▶ _DATA UNDER STUDY_
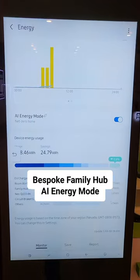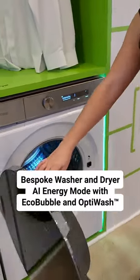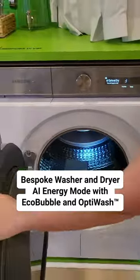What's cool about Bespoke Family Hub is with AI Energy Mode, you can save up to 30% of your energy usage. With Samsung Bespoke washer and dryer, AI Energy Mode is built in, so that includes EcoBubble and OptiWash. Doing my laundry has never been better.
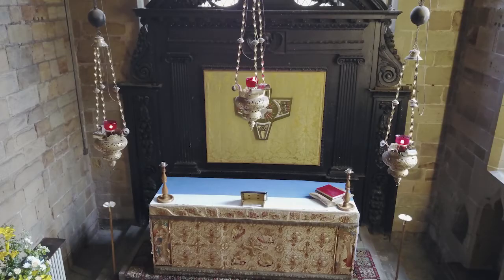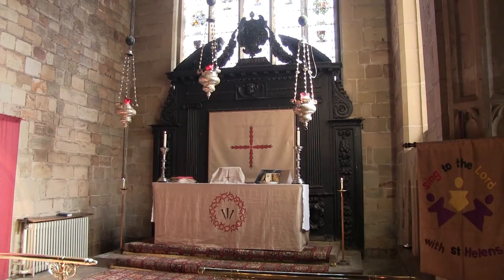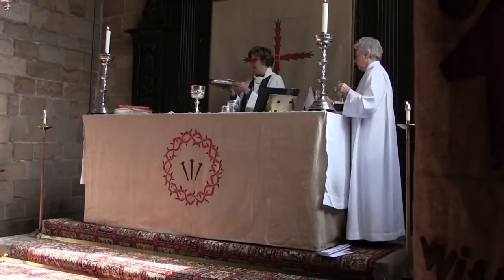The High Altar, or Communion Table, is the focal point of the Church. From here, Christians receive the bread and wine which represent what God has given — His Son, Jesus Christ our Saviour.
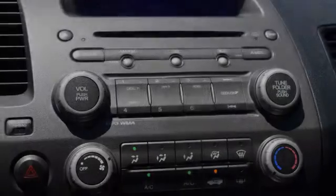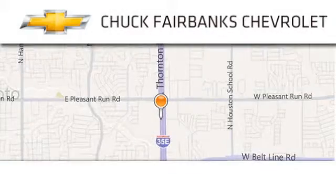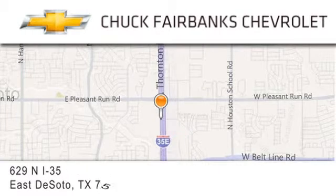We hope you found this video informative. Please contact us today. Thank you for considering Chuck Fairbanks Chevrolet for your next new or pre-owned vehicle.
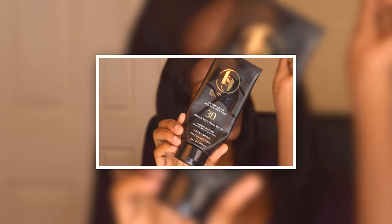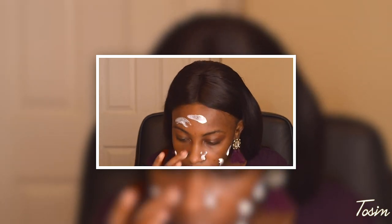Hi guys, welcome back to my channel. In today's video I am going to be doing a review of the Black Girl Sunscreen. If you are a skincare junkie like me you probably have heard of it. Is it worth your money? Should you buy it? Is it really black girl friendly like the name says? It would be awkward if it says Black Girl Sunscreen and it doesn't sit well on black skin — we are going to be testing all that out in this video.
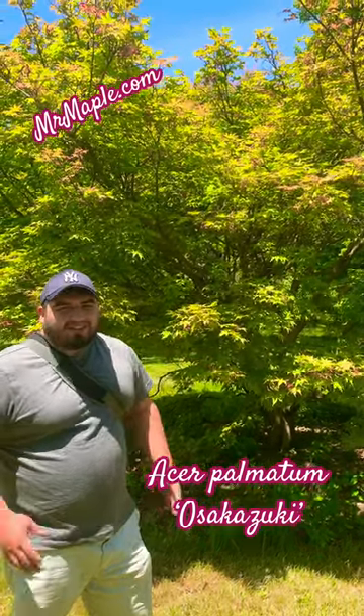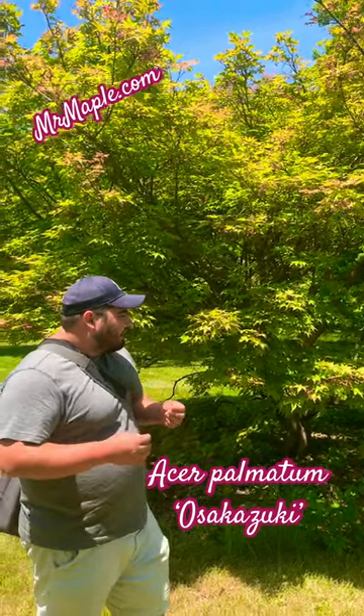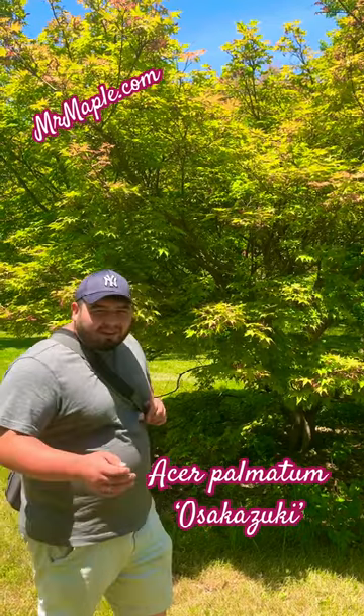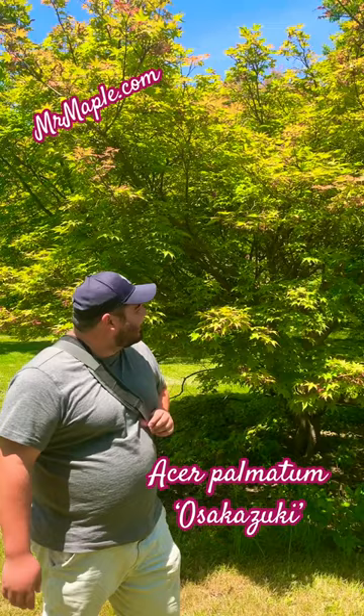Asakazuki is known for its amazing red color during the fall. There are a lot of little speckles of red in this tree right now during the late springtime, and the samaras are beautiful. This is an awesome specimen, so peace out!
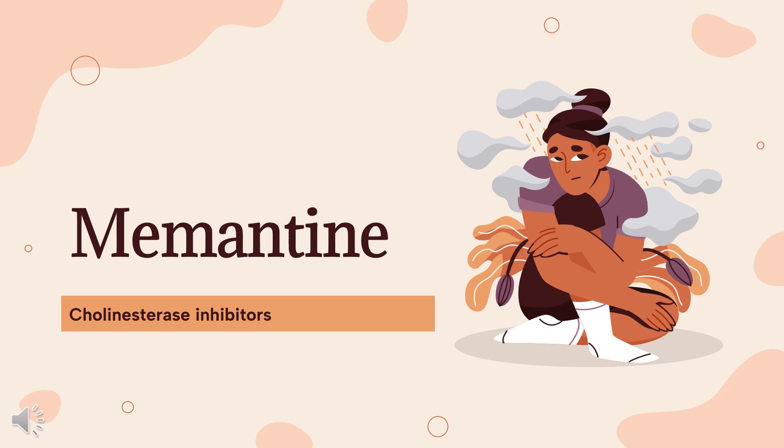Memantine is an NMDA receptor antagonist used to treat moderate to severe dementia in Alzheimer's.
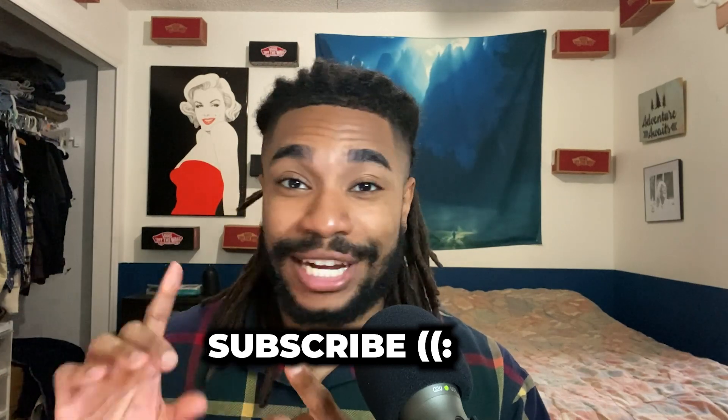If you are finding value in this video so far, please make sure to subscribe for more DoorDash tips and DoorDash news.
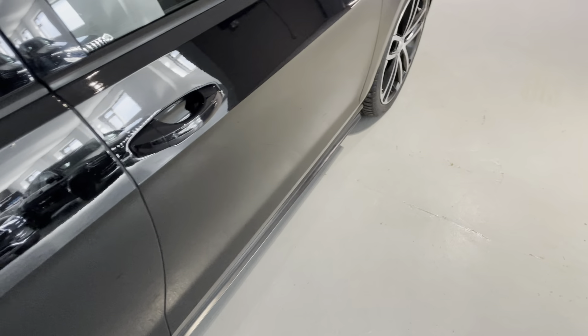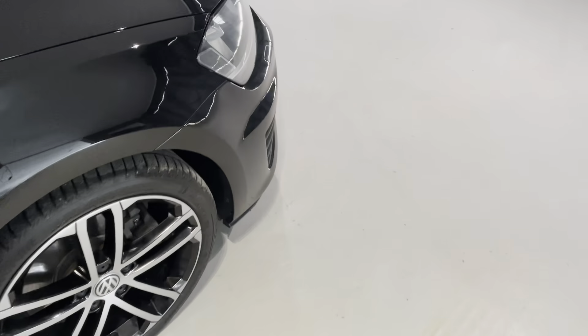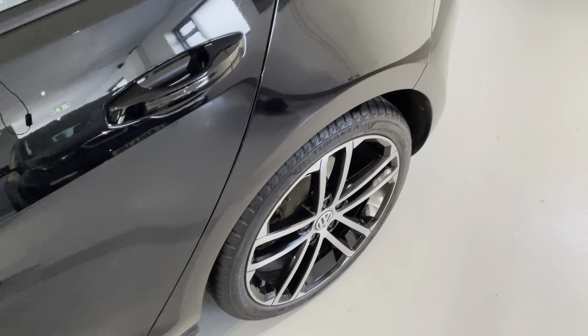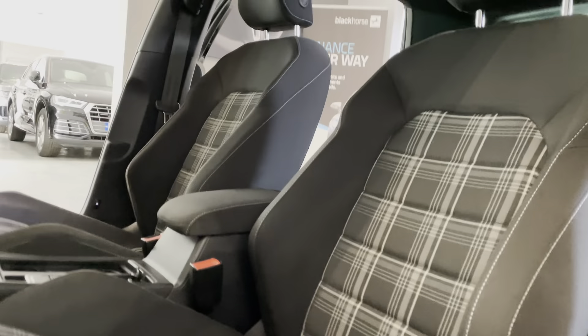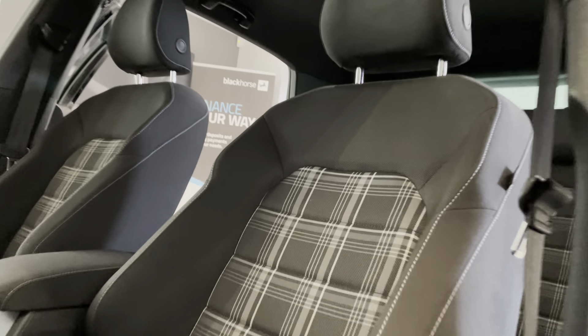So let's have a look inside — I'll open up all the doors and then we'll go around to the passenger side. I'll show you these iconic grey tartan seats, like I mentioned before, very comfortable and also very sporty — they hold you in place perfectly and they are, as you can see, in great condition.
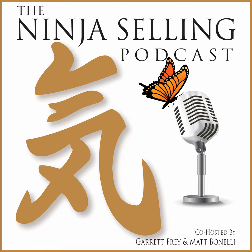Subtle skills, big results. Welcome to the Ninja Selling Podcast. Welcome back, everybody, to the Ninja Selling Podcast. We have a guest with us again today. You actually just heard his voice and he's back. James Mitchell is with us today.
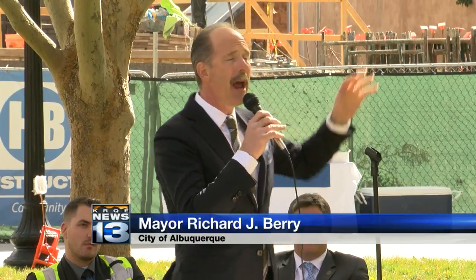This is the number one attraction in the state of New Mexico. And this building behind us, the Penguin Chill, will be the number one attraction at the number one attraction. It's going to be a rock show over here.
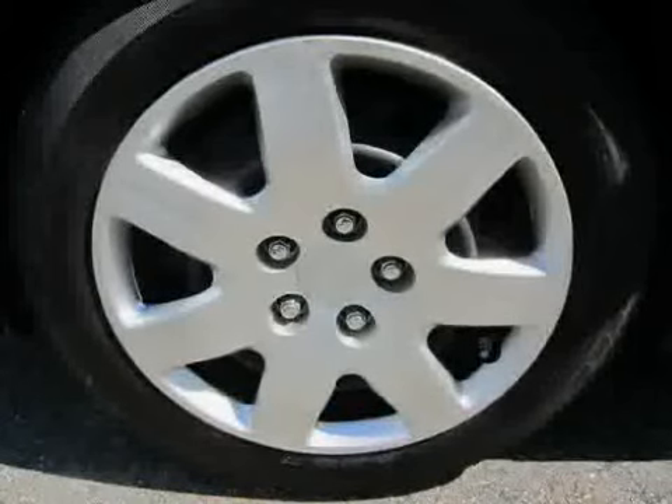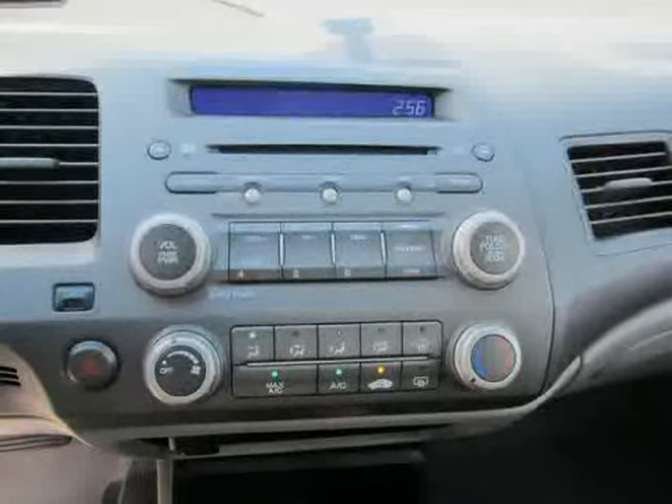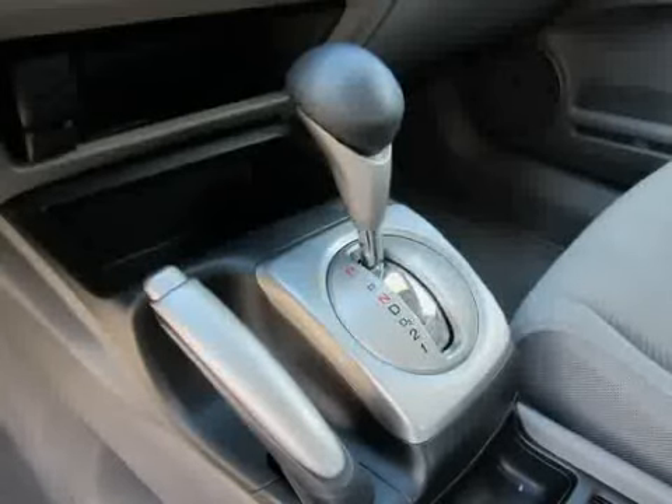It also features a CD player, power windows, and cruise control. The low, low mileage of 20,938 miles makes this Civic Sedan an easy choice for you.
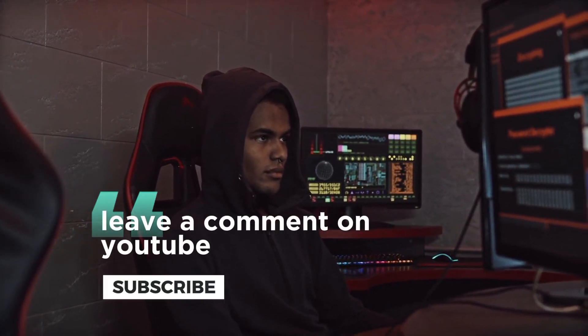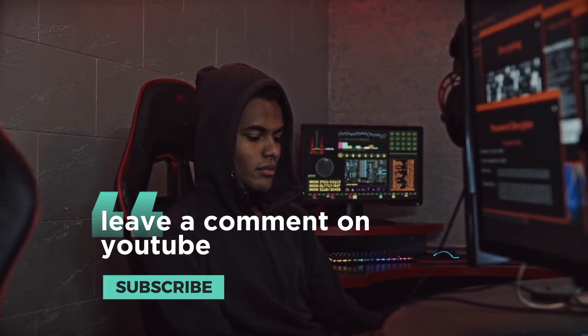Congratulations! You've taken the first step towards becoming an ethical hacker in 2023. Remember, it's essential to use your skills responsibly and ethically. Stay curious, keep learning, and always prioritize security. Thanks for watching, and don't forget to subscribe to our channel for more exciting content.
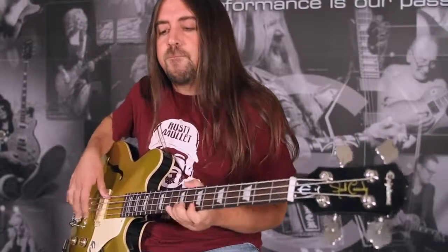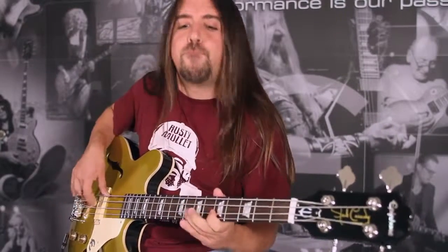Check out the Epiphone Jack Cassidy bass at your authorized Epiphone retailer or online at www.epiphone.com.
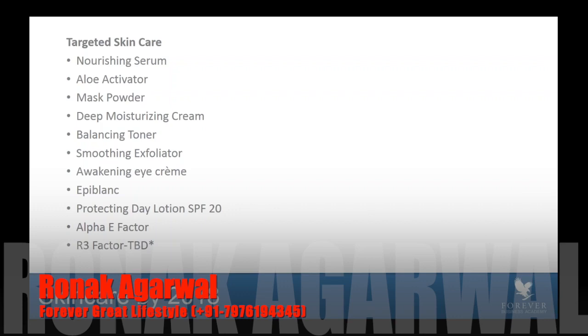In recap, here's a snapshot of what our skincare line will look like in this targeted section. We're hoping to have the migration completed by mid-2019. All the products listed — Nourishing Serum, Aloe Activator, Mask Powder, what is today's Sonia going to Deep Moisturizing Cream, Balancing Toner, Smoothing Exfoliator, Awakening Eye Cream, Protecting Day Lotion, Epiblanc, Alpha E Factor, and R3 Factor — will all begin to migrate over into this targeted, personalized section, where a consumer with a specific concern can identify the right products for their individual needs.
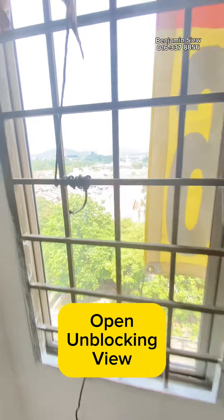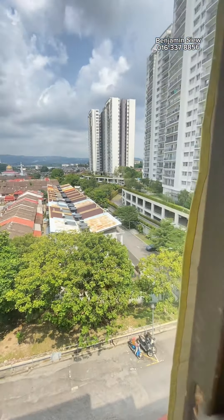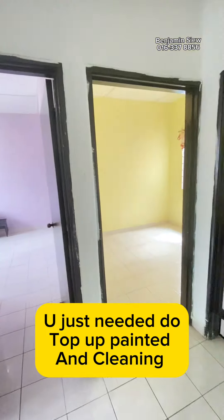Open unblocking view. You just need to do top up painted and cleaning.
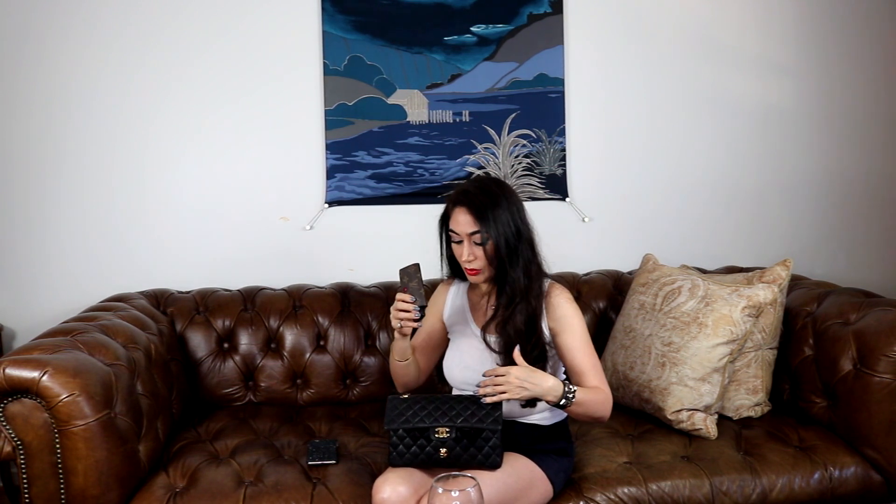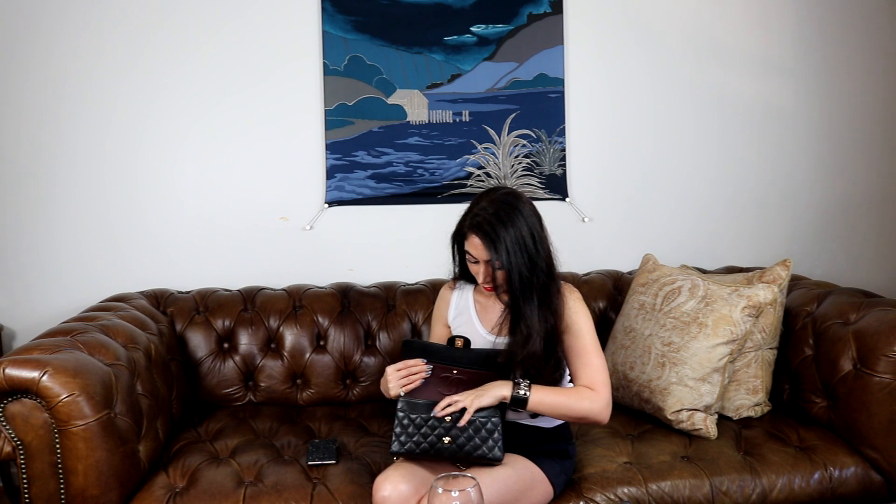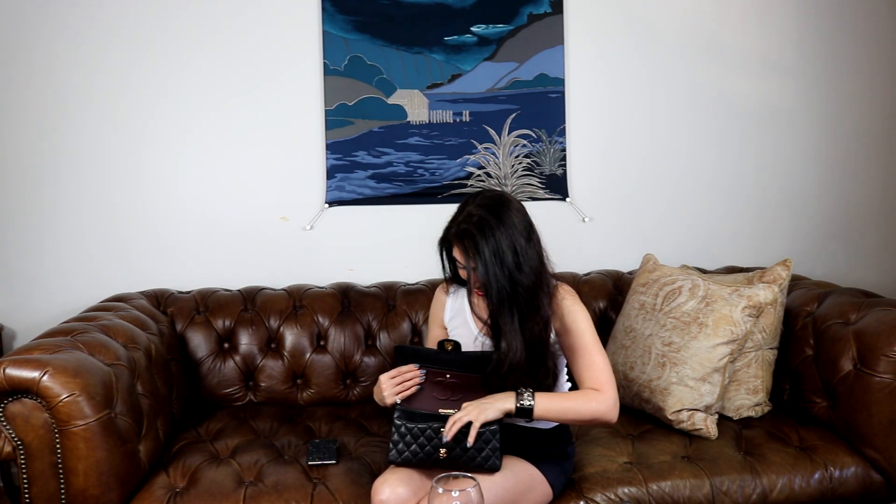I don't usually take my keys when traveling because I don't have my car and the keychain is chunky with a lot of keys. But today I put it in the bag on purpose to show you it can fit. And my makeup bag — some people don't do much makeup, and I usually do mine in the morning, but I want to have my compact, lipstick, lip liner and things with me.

▶ _ACTIVITY_
No pictures should appear in the copy, which holds exactly the lines from the first line of the data through the line with "If you are finding" and nothing else.

▶ _EXPECTED ANSWER_
What's cool about Bespoke Family Hub is with AI Energy Mode, you can save up to 30% of your energy usage. With Samsung Bespoke washer and dryer, AI Energy Mode is built in, so that includes EcoBubble and OptiWash. Doing my laundry has never been better.
The High Altar, or Communion Table, is the focal point of the Church. From here, Christians receive the bread and wine which represent what God has given — His Son, Jesus Christ our Saviour.
We hope you found this video informative. Please contact us today. Thank you for considering Chuck Fairbanks Chevrolet for your next new or pre-owned vehicle.
Hi guys, welcome back to my channel. In today's video I am going to be doing a review of the Black Girl Sunscreen. If you are a skincare junkie like me you probably have heard of it. Is it worth your money? Should you buy it? Is it really black girl friendly like the name says? It would be awkward if it says Black Girl Sunscreen and it doesn't sit well on black skin — we are going to be testing all that out in this video.
Asakazuki is known for its amazing red color during the fall. There are a lot of little speckles of red in this tree right now during the late springtime, and the samaras are beautiful. This is an awesome specimen, so peace out!
Memantine is an NMDA receptor antagonist used to treat moderate to severe dementia in Alzheimer's.
If you are finding value in this video so far, please make sure to subscribe for more DoorDash tips and DoorDash news.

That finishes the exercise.